_Task statement_.
Reproduce all the data exactly, without pictures.

_Data below_.
■ ■ ■

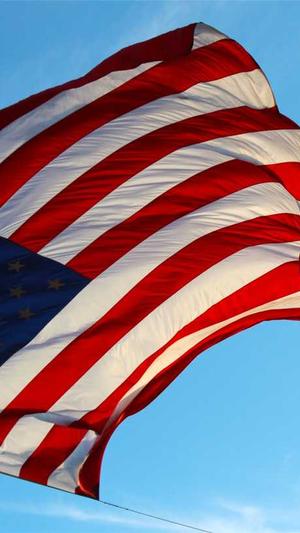 利用站群做蜘蛛池截图4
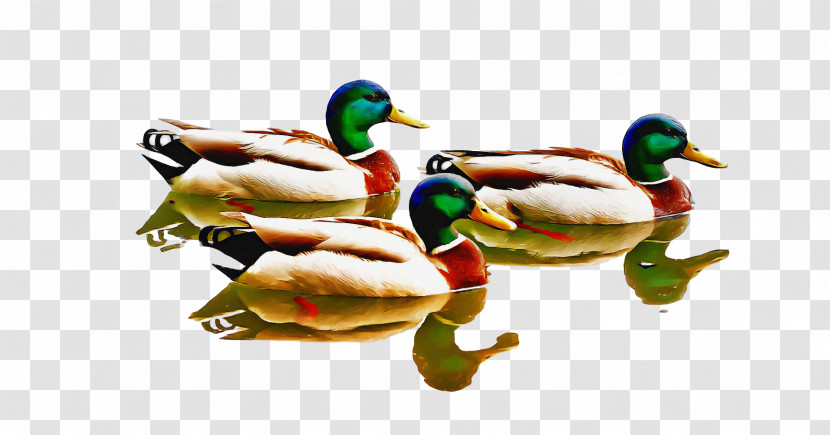 Mallard Duck Birds Yellow-billed Duck Drawing Transparent PNG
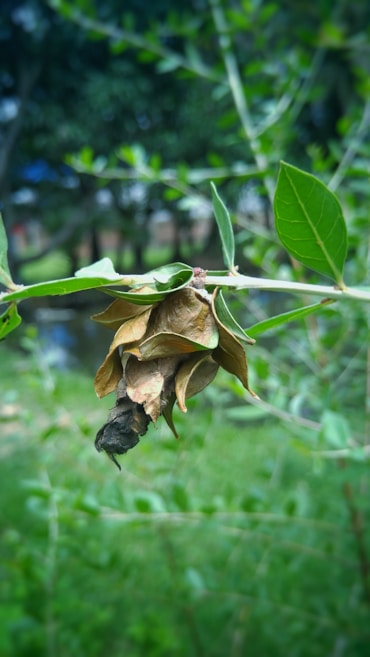A dried, curled leaf cocoon hanging from a green leafy branch, set against a soft-focus backdrop of lush greenery and blurred trees.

■ ■ ■

_Task response_.
 利用站群做蜘蛛池截图4
 Mallard Duck Birds Yellow-billed Duck Drawing Transparent PNG
A dried, curled leaf cocoon hanging from a green leafy branch, set against a soft-focus backdrop of lush greenery and blurred trees.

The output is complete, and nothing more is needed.